From its modest beginning of a small temple at Kinta Road, the temple began to gradually grow in stature as a result of the untiring effort of U Kyaw Gaung.

U Kyaw Gaung went to Sagyin Hill, 50 kilometers north of Mandalay, which was famous for its superior quality marble used in the making of Buddha figures. Over there, he bought a large marble weighing more than ten tons at the price of Rs.1,200. The Buddha image was sculptured out of that block of marble in Mandalay, completing in 1918. This huge and magnificent marble of the Buddha image stands eleven feet high and weighs ten tons, was transported to Singapore in 1921 from Mandalay, central Burma.

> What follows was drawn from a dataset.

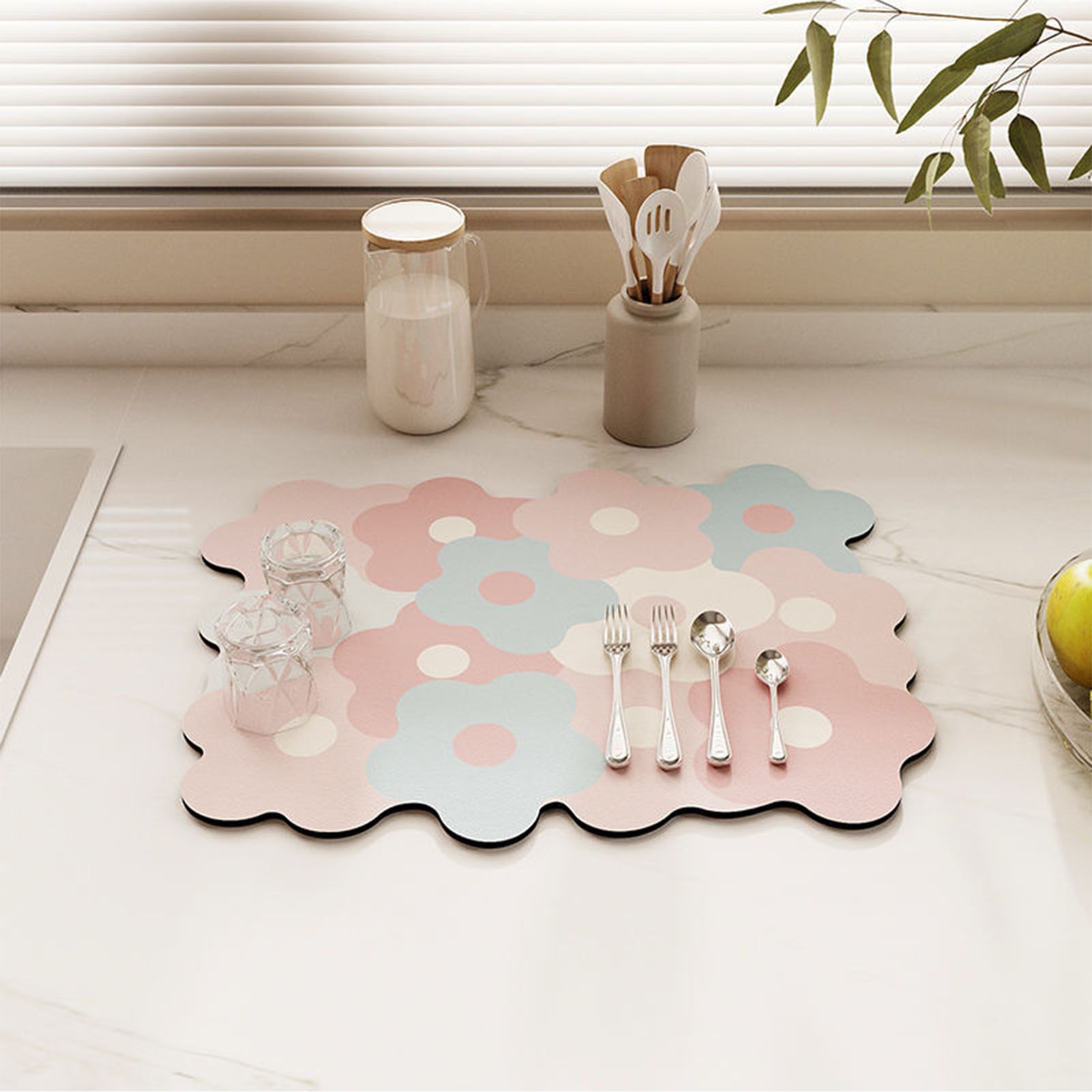 Kitchen Counter Dish Drying Mat Refreshing Cute Elegant Heat Resistant Absorbent Dishes Drain Mat Pink and Blue 11.8 X 15.7in - Image 6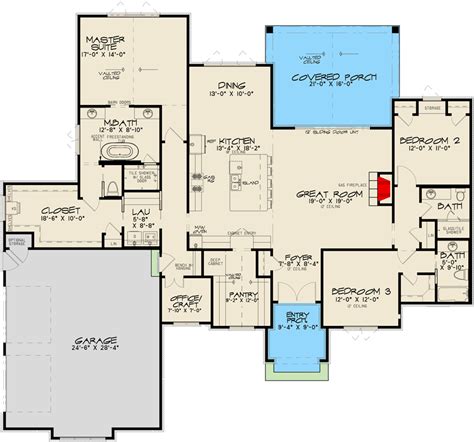 Plan 70728mk Modern One Story European House Plan With Vaulted Master Suite And Rear Porch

Sayadaw U Pannya Vamsa’s earlier effort in 1971 to build a temple in Singapore with the help of the Dharma Cakra Society was, unfortunately, not realised. Likewise, in 1973, U Ba Thein, son of U Kyaw Gaung, approached Sayadaw at the Penang Burmese Buddhist Temple to assist him in the development of his temple in Kinta Road, but to no avail due to the lack of resources.

However, after overcoming many obstacles and through much effort from the venerable monks, the lay-Buddhists and well-wishers, Ven. U Pannya Vamsa managed to complete building the temple in 1990, named as the “Sasanaramsi Burmese Buddhist Temple”. It is the first and only Burmese Buddhist temple built outside of Burma (Myanmar) in the traditional style, appropriately adapted to local conditions. Its magnificent marble Buddha image is also the biggest enshrine outside of Burma.

The temple conducts year-round events and structured programmes for the public, such as Dhamma classes, religious festivals and Burmese traditional celebrations like New Year Celebration (Thingyan).

The temple’s operation is almost entirely funded by donations and contributions-in-kind from the public. It is managed by the Management Committee of about 15 part-time volunteers, headed by an elected President, whilst the Resident Monks act as Advisers to the committee, and provide the spiritual needs and religious services to devotees.

This unique and dignified temple not only becomes a religious landmark, but is also declared as a national heritage site of Singapore.